There were 148 households, out of which 23.0% had children under the age of 18 living with them, 54.1% were married couples living together, 13.5% had a female householder with no husband present, and 29.1% were non-families. 26.4% of all households were made up of individuals, and 18.9% had someone living alone who was 65 years of age or older. The average household size was 2.39 and the average family size was 2.90.

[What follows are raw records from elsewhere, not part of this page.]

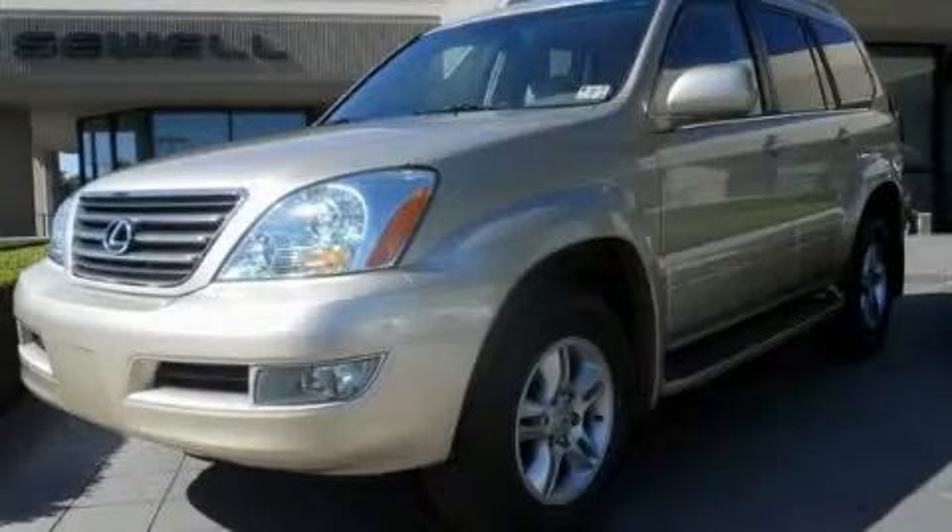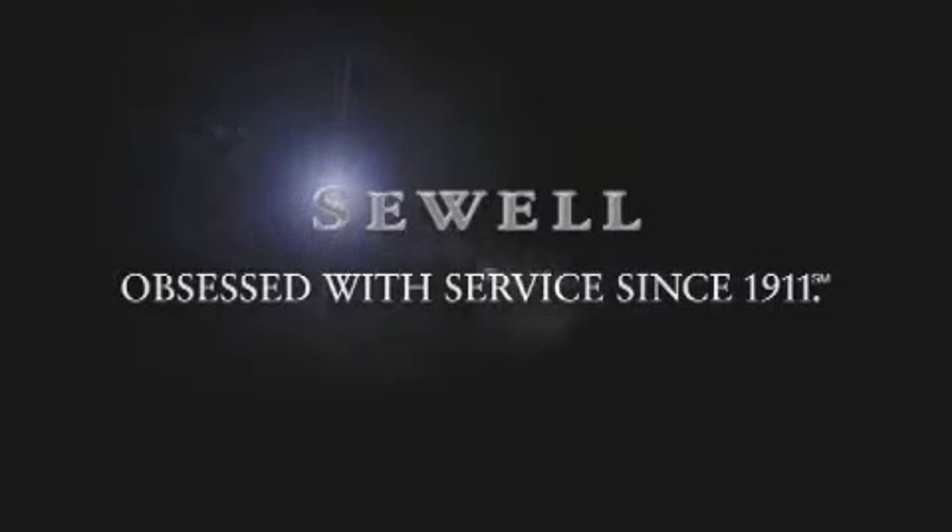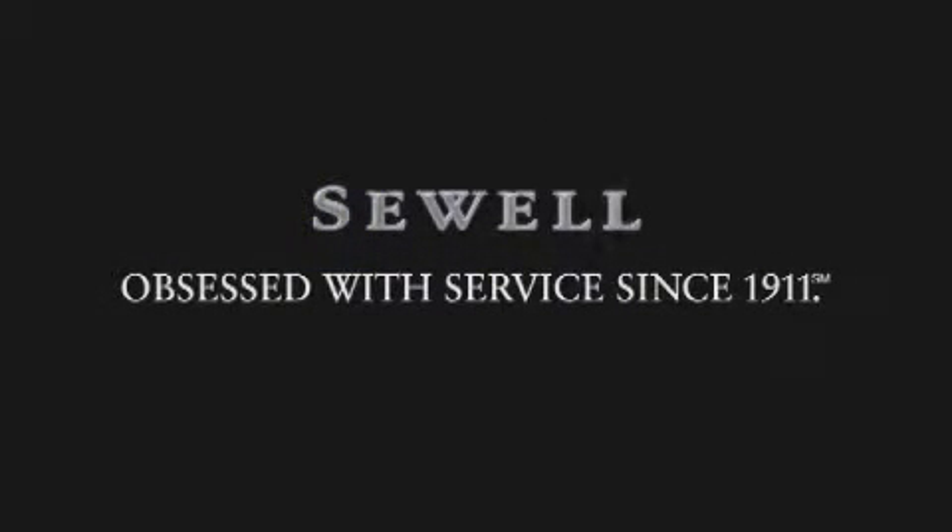Stop by today and test drive this automobile for yourself. Now that you've seen the car of your dreams, come see the dealer of your dreams — Sewell. Service, sales, and efficiency so obsessive, you'll want to pinch yourself.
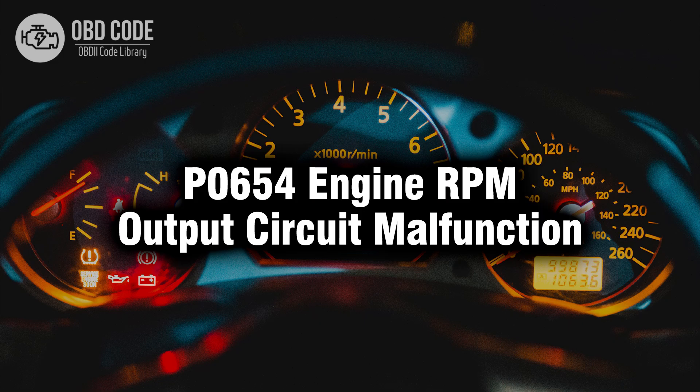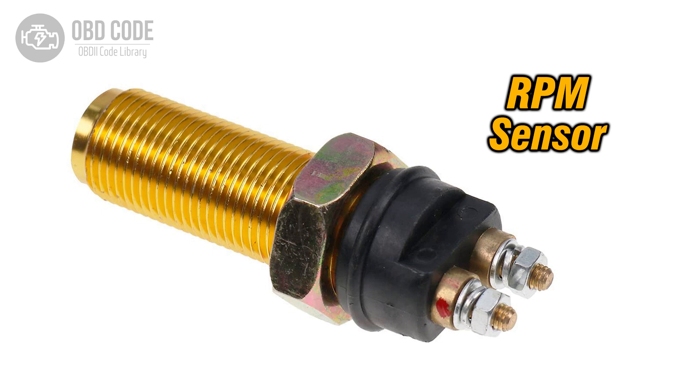Welcome. In this video we will talk about code P0654, its symptoms, causes and possible solutions. The P0654 trouble code indicates a malfunction in the engine RPM output circuit. This circuit is responsible for providing the engine control module (ECM) or powertrain control module (PCM) with data regarding the engine's RPM (revolutions per minute). If the ECM or PCM detects a fault or inconsistency in this circuit, it will trigger this trouble code.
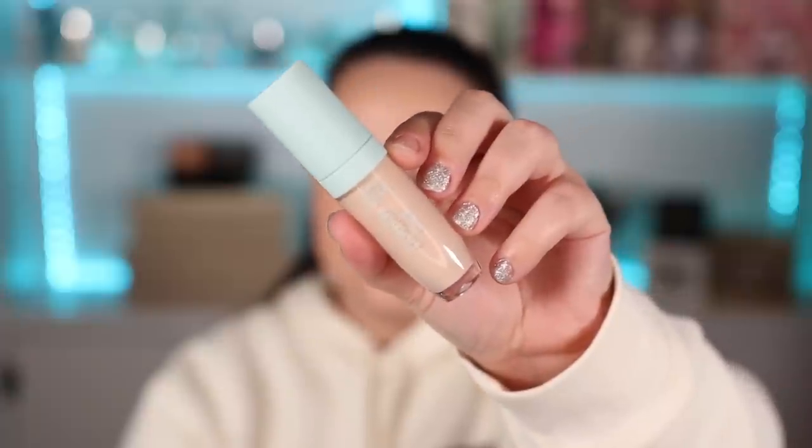I got the concealer in the shade fair light beige, which I think is a little too pale, but the shade I actually wanted wasn't available when I went to order. It launches on the Tarte website February 19th - I'll probably post this video then. Check the description box to see if it's also available at Sephora because I will update that information.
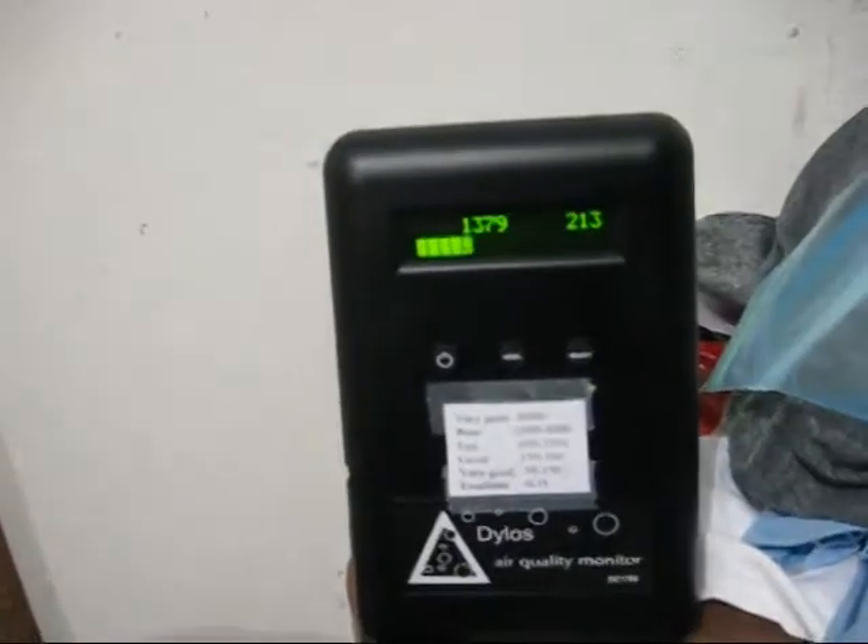Taking a reading with a particle counter. I'm going to dump the dirt from a Shark vacuum, a bagless vacuum, through the garbage can and see what it does to the air.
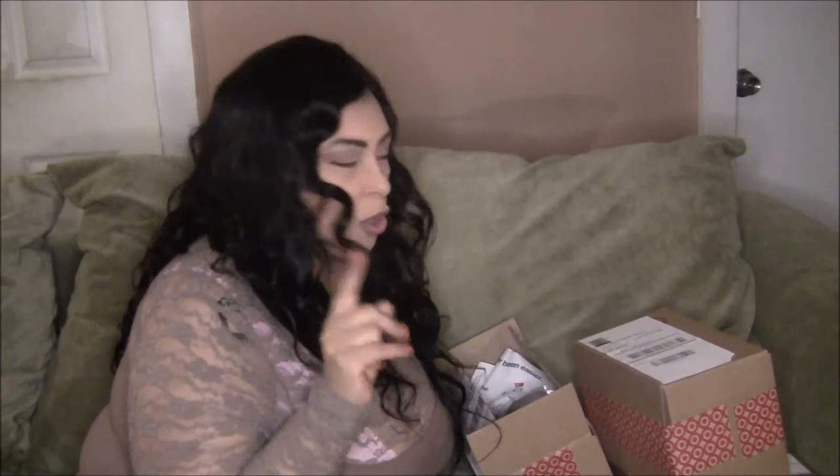Hello and welcome back to my channel. Today we're going to be doing a mini haul from target.com. I have several beauty items and also some things that I use for my filming. If you want to see what I have in these boxes, stay tuned.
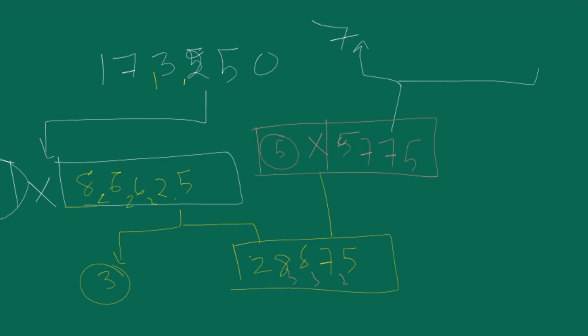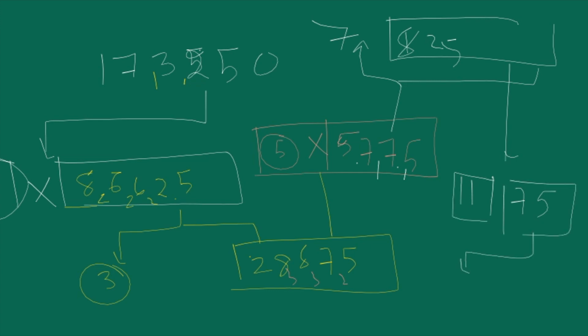If we divide again by 7, then we get 7 × 165. And if you divide this number by 11, so 11 × 15. And this 75 — is this a multiple of 13? No. Then 5 × 15, and again 5 × 3. So how many? 1, 2, 3, 4, 5, 6, 7 — there will be 6 numbers.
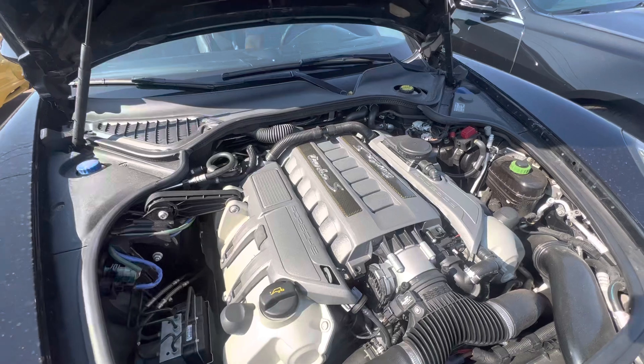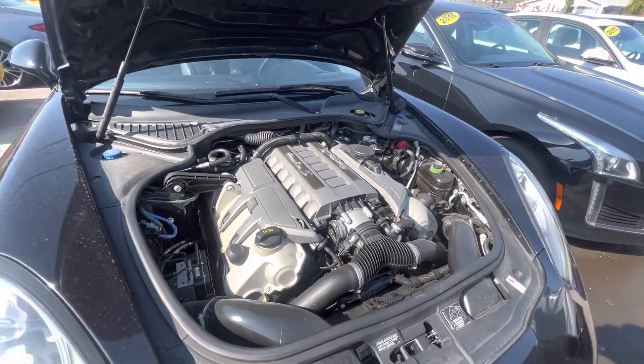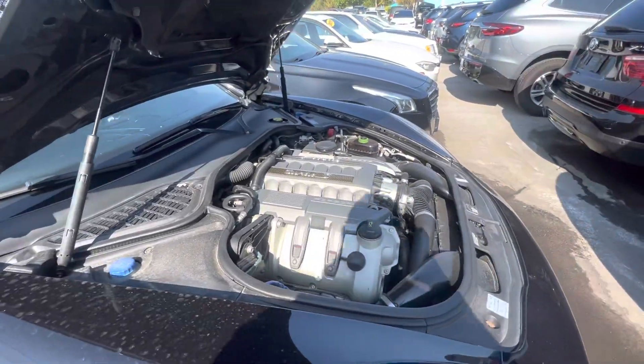So anyway, it starts up good. It's smooth. I've driven this car home a couple nights, and I live about 20 miles from the dealership as the crow flies. And yeah, she's fine. Runs good. Maintained well.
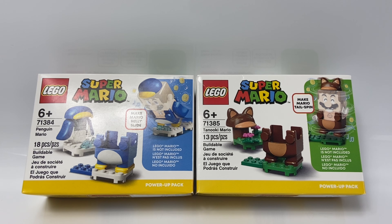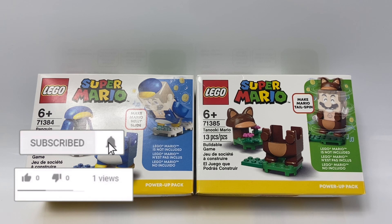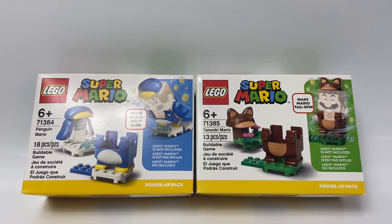Hey everyone, DarkRabrooks here, and today I'm going to be telling you how I got two 2021 LEGO Mario sets for free. And before we get into the video, if you're new here, make sure to drop a like and subscribe. Alrighty, so let's get into this.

The town population contained 18.1% under the age of 18, 10.4% from 18 to 24, 27.0% from 25 to 44, 24.8% from 45 to 64, and 19.8% who were 65 years of age or older. The median age was 41 years. For every 100 females, there were 108.2 males. For every 100 females age 18 and over, there were 106.9 males.

The median income for a household in the town was $33,000, and the median income for a family was $42,500. Males had a median income of $26,500 versus $20,313 for females. The per capita income for the town was $26,657. About 7.8% of families and 13.8% of the population were below the poverty line, including 29.1% of those under age 18 and 3.6% of those age 65 or over.

==Schools==
The town contains two public schools; Randolph-Henry High School for grades 9–12, and Central Middle School for grades 6–8.